- Nearly 75 per cent of customers admit not reading policy documents
- Consumer group has launched campaign against length of T&Cs
- HSBC was worst offending bank with more than 34,000 words
- Shakespeare's play Macbeth is 19,000 words long in comparison
Nearly three quarters of consumers admitted to not reading all of their policy documents or T&Cs because they were too long.
While only 17 per cent of people who did read it in full said they understood it, according to the survey of more than 2,000 people.
Consumer group Fairer Finance, who commissioned the survey, has launched a campaign against the book-length policy documents that are riddled with legalese and jargon.Several terms and conditions sent out to customers were found to be nearly twice the length of Shakespeare’s Macbeth - which is 19,000 words long.
Analysis by Fairer Finance found HSBC topped the table for the longest bank account T&Cs at just over 34,000 words long - almost 5,000 words longer than John Steinbeck’s Of Mice and Men.
The shortest in the sector was Nationwide’s, though it still weighed in at a hefty 11,000 words.
In car insurance, Endsleigh has the dubious honour of longest motor policy with more than 37,000 words - just a few hundred words shy of Joseph Conrad’s Heart of Darkness.
While Sheila’s Wheels, Esure and M&S Bank all had policy documents of over 30,000 words - longer than George Orwell’s Animal Farm.

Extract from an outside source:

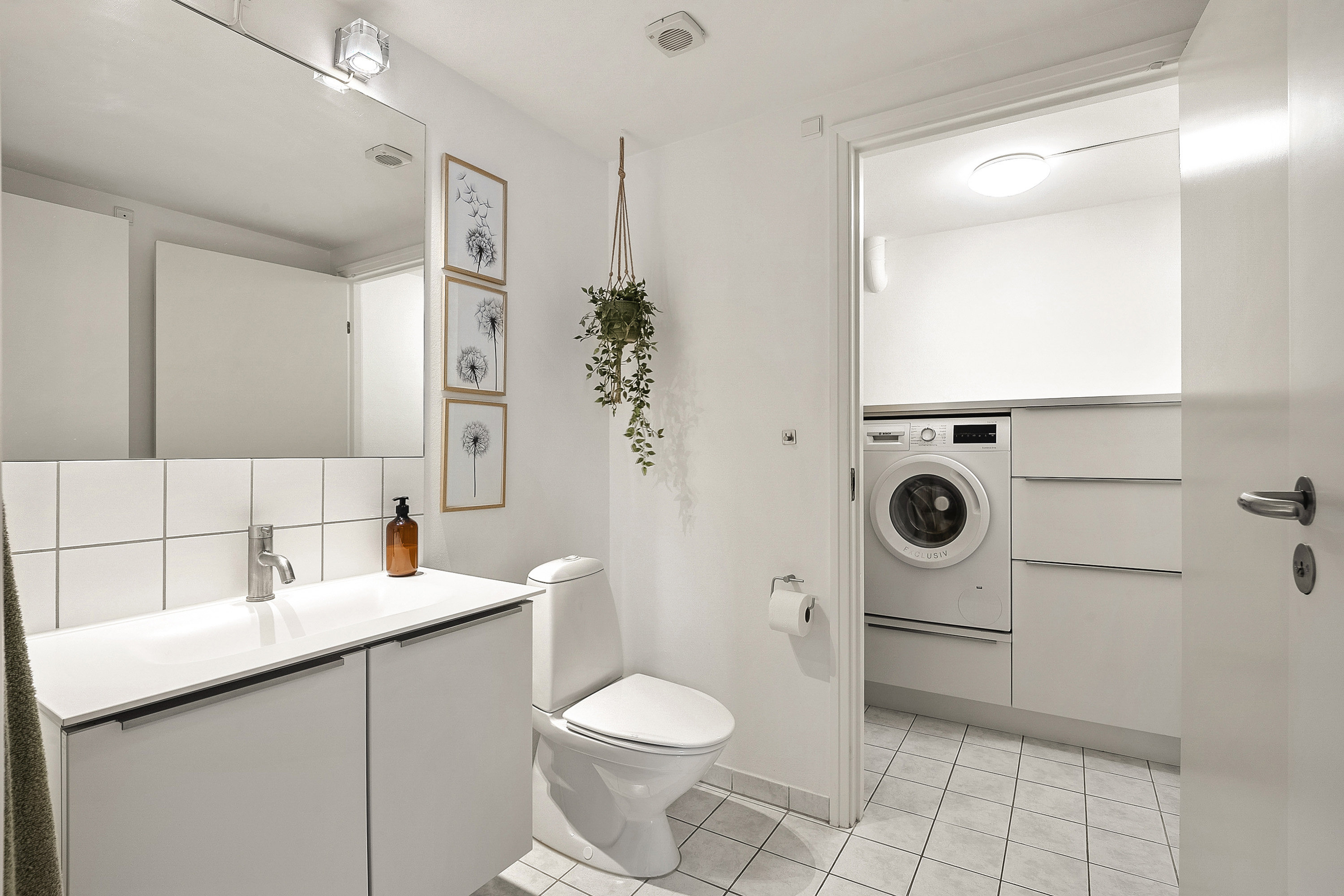 Fremhævet badeværelse billede i fuldskærmstilstand. Billede af Langelinie 14D, 8700 Horsens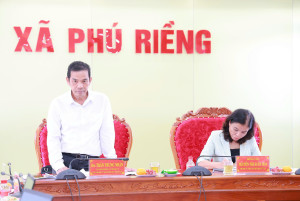 Chủ nhiệm Ủy ban Kiểm tra Thành ủy Trần Trung Nhân làm việc với Ban Thường vụ Đảng ủy xã Phú Riềng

The shortest in the sector was LV with just under 7,000 words.
James Daley, founder and managing director of Fairer Finance, said all banks and insurers should make documents more accessible and do away with small print that is riddled with legalese and jargon.He said: ‘If next to no one is reading terms and conditions, and even those who do are struggling to understand them, then what exactly is the point of these documents?
‘Of course it’s important that customers know what’s covered and what isn’t in their insurance policy, but if one company can do the job in less than 7,000 words, there’s no excuse for insurers who are producing documents that are five times as long.